Der Harburger Weinzirkel kommt quartalsmäßig zusammen um zu entspannen – und zu spenden

Harburg. Der Blick aus dem Besprechungsraum des Palettenservice Hamburg geht über den Lotsekanal. Das spiegelglatte Wasser reflektiert die Lichter aus den Fenstern der umliegenden Bürogebäude. Viele Lichter sind es nicht mehr, denn es ist schon spät. Die meisten Firmen haben Feierabend, auch der Palettenservice Hamburg. Allerdings hat der Chef Gäste: Sieben Harburger mittleren bis besten Alters sind zusammengekommen. Es sind Geschäftsleute, Kreative, Handwerker und Ruheständler. Ihr gemeinsames Interesse gilt den Flaschen am Kopfende des Tisches: Bei Ingo Mönke trifft sich heute Abend der Harburger Weinzirkel.

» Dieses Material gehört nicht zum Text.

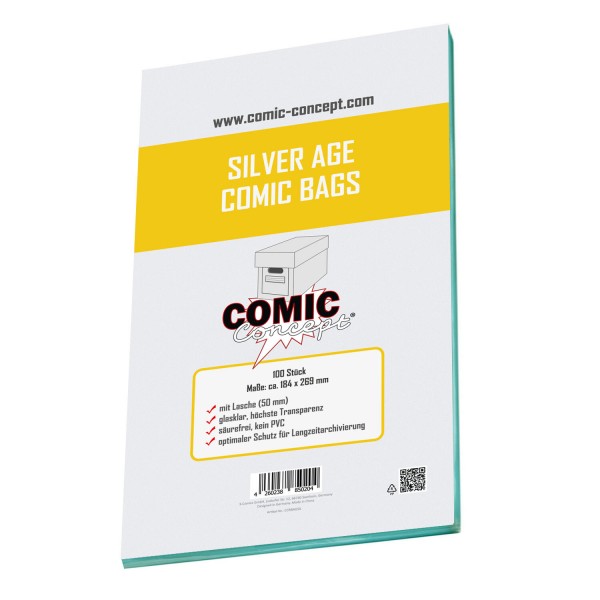 Comic Concept Comic Bags Silver (100 ct.)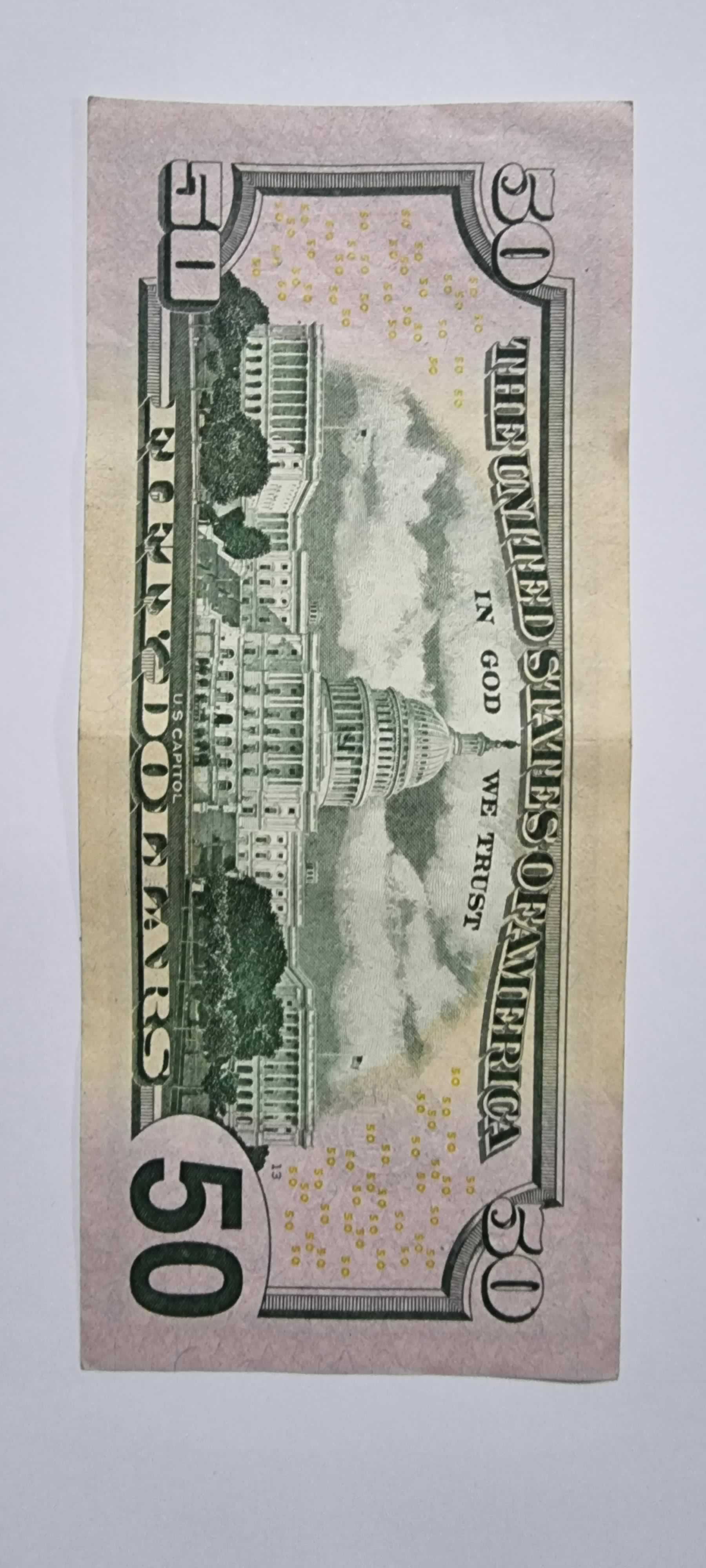 Reverso de 50 Dollars, 2006, Estados Unidos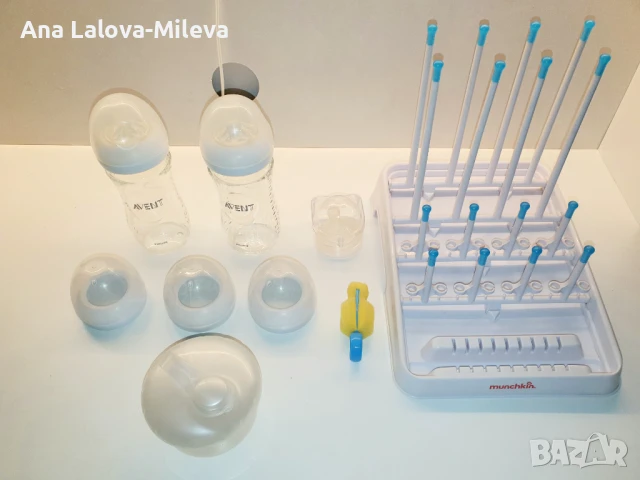 Комплекти за захранване, термос, изолатори за шишета, шишета, лигавници, бандани , снимка 6 - Прибори, съдове, шишета и биберони - 40340963
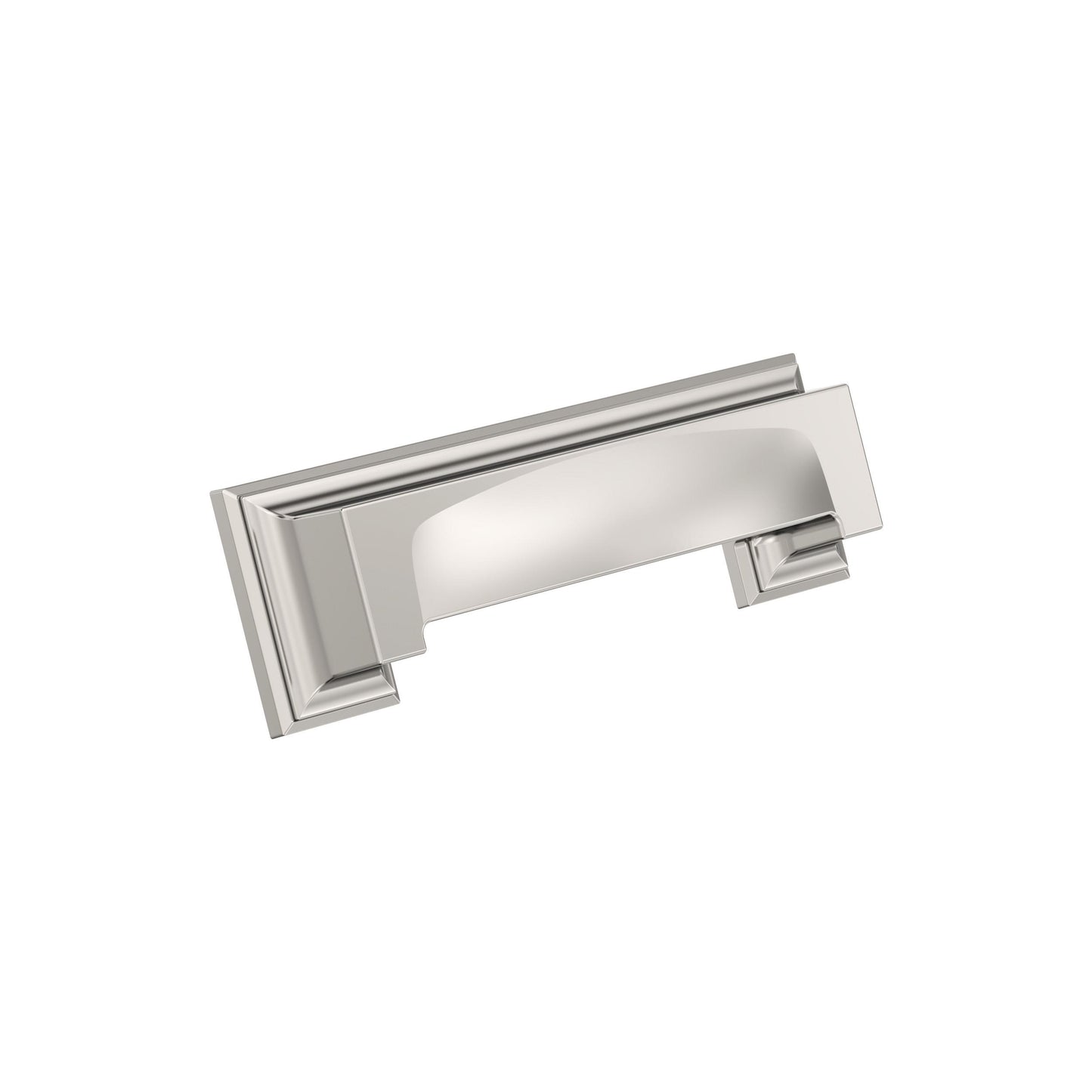 Amerock Appoint Cup Pull - 3 inch or 3-3/4 inch (76mm or 96mm) CTC - Polished Nickel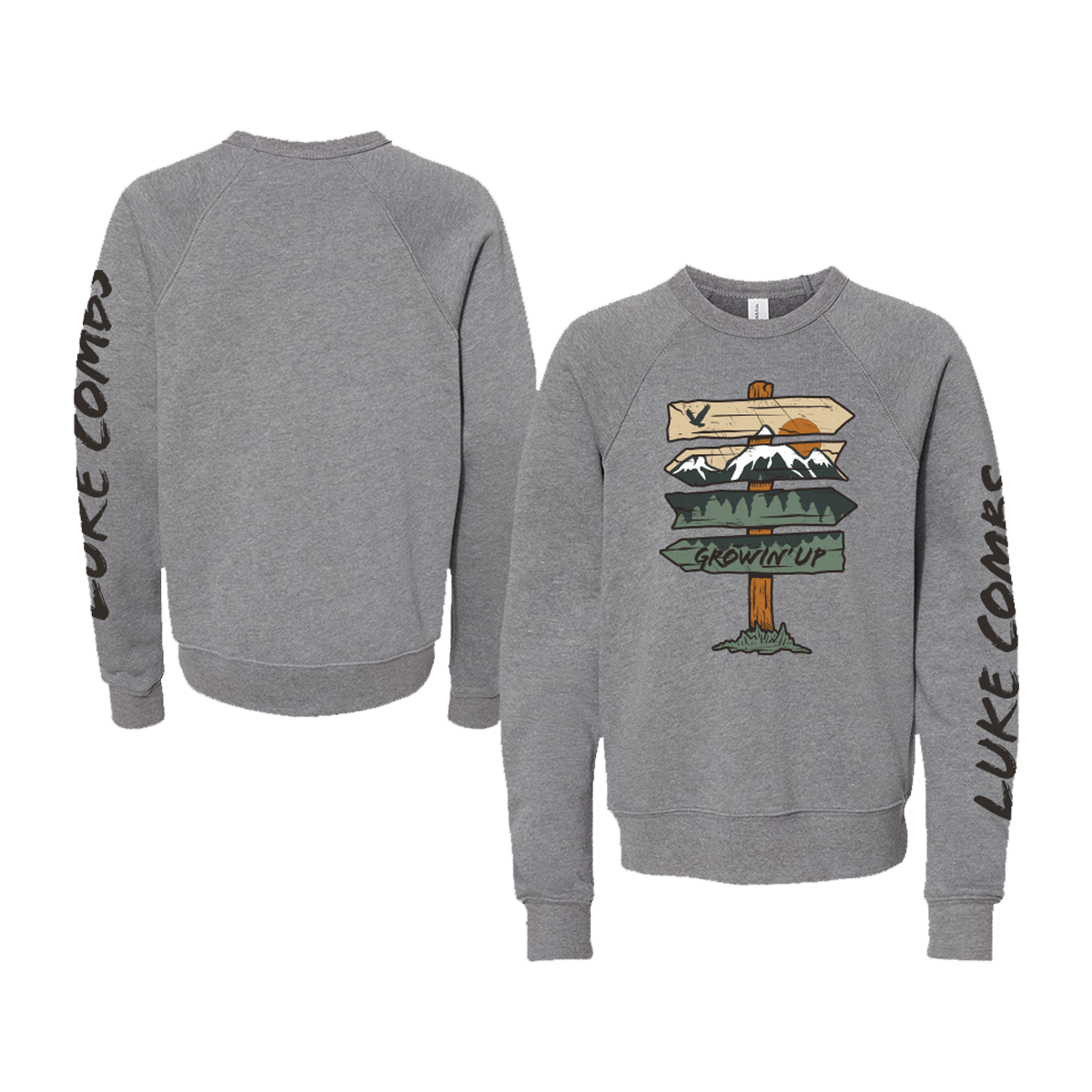 Growin' Up Youth Crewneck-Luke Combs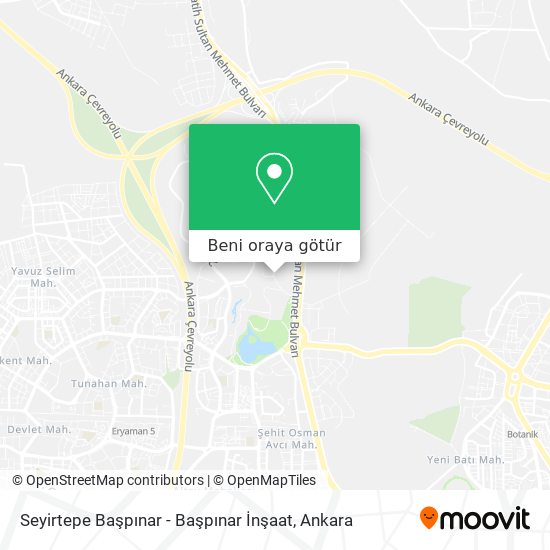Seyirtepe Başpınar - Başpınar İnşaat harita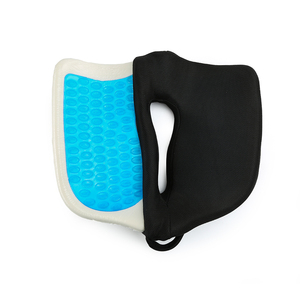 Coussin <span class=keywords><strong>de</strong></span> siège <span class=keywords><strong>de</strong></span> voiture pour enfants adultes, <span class=keywords><strong>rehausseur</strong></span> orthopédique en mousse à mémoire <span class=keywords><strong>de</strong></span> forme, Gel <span class=keywords><strong>de</strong></span> refroidissement, pour les fesses - Product Image 2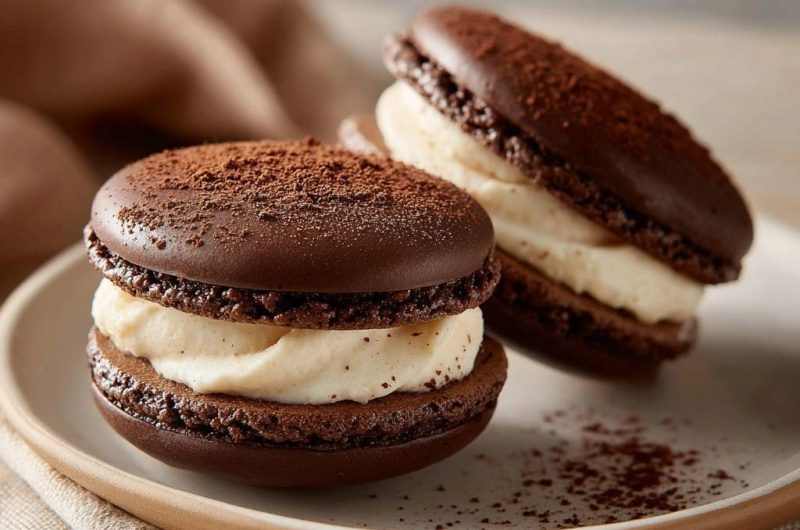Chocolate Macarons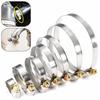 5/10pcs Pipe Clamps Stainless Steel Hose Clips Car Fuel Hose Pipe Clamps Worm Drive Durable Anti-oxidation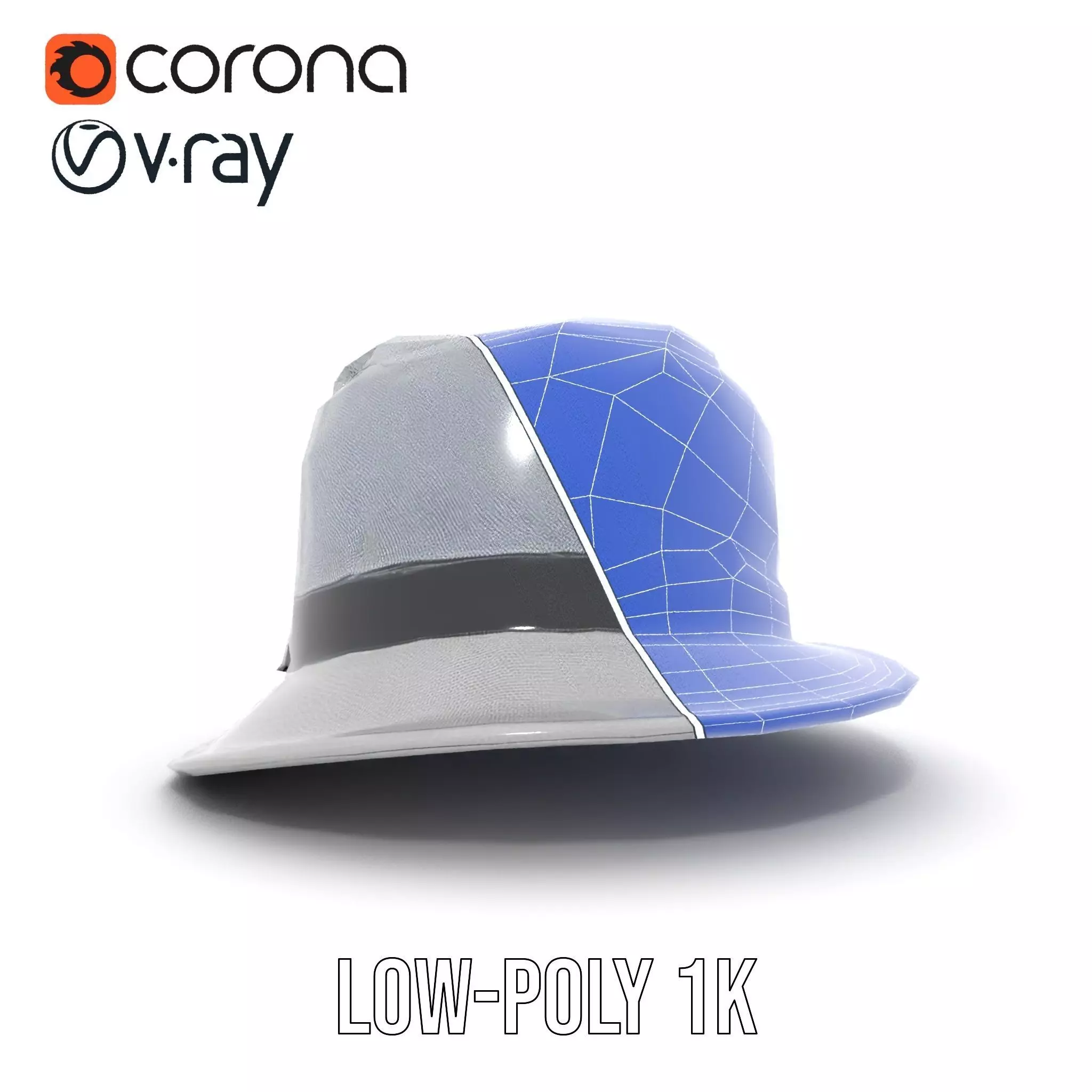 Canvas Bucket Hat model pack Low-poly 3D model_32
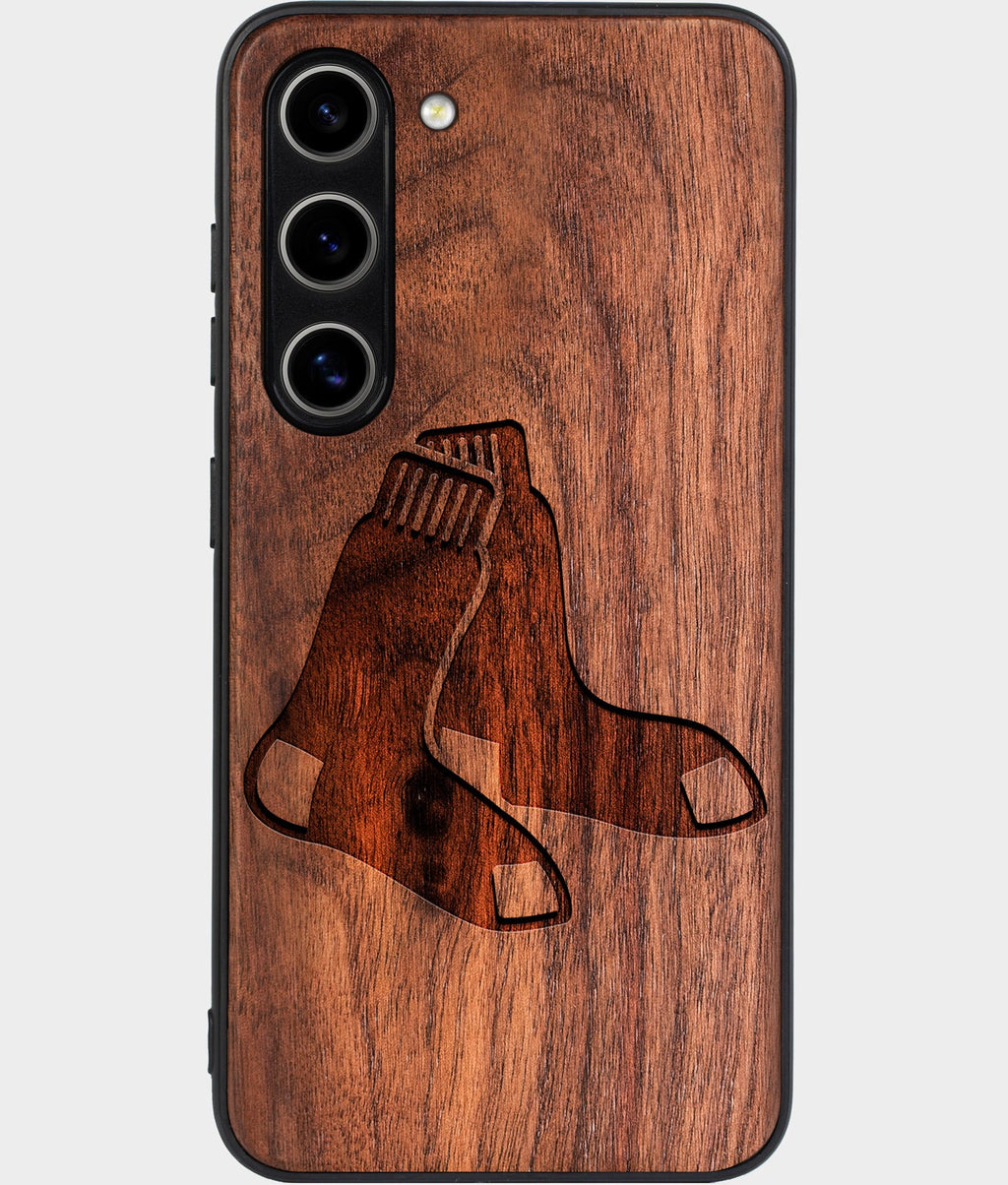 Best Wood Boston Red Sox Galaxy S26 Case - Custom Engraved Cover - Aldergrove & Oak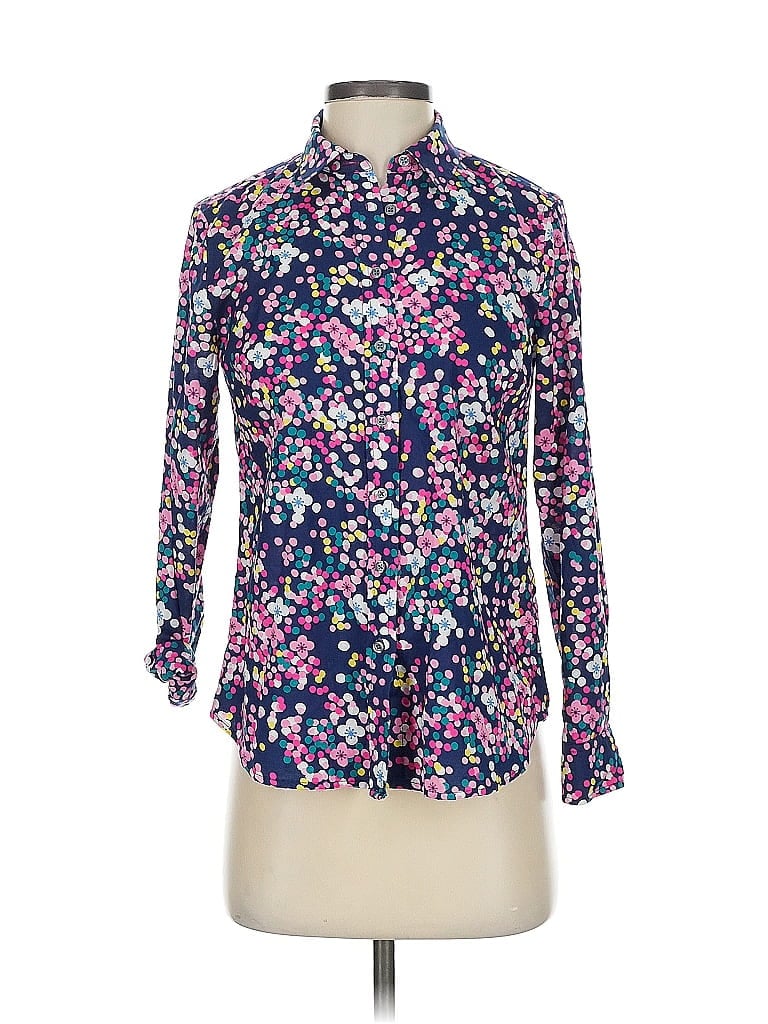 Pre-owned Talbots Long Sleeve Blouse In Blue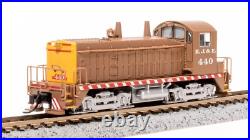 Broadway Limited 7492 N Scale EJ&E EMD NW2 Diesel Locomotive Brown & Yellow #438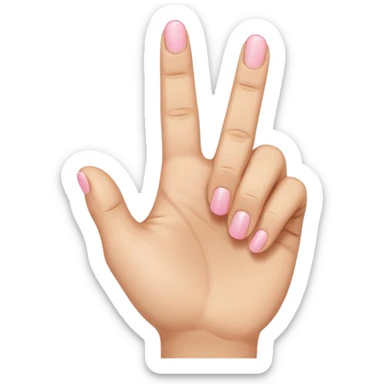 Like the middle finger flipping off emoji but with the pinky finger only (pinky finger flipping off) sticker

Die Herren haben den Abend bereits mit Sekt eröffnet, jetzt setzt Bernd Pinkenburg den Korkenzieher an einer Flasche Südtiroler Chardonnay an und erzählt dazu etwas: „Dieser Wein“, sagt er, „brachte mich als jungen Mann dazu, Wein nicht nur als Getränk zu betrachten, sondern mich näher damit zu beschäftigen.“

Als junger, frisch ausgebildeter Kaufmann arbeitete er damals für eine große deutsche Einzelhandelskette als Lebensmitteleinkäufer in Norditalien. Wein hat ihn seitdem nicht mehr losgelassen. Als er in Moorburg in den Familienbetrieb einstieg, erweiterte er den Gemüsegroßhandel um den Verkauf edler Tropfen. So geht es reihum. Jeder stellt einen Wein vor und erzählt etwas dazu. Journalist Peter Nossek hat sein Mitbringsel nach einem Vortrag geschenkt bekommen und verbindet damit die Erinnerung an diesen Tag.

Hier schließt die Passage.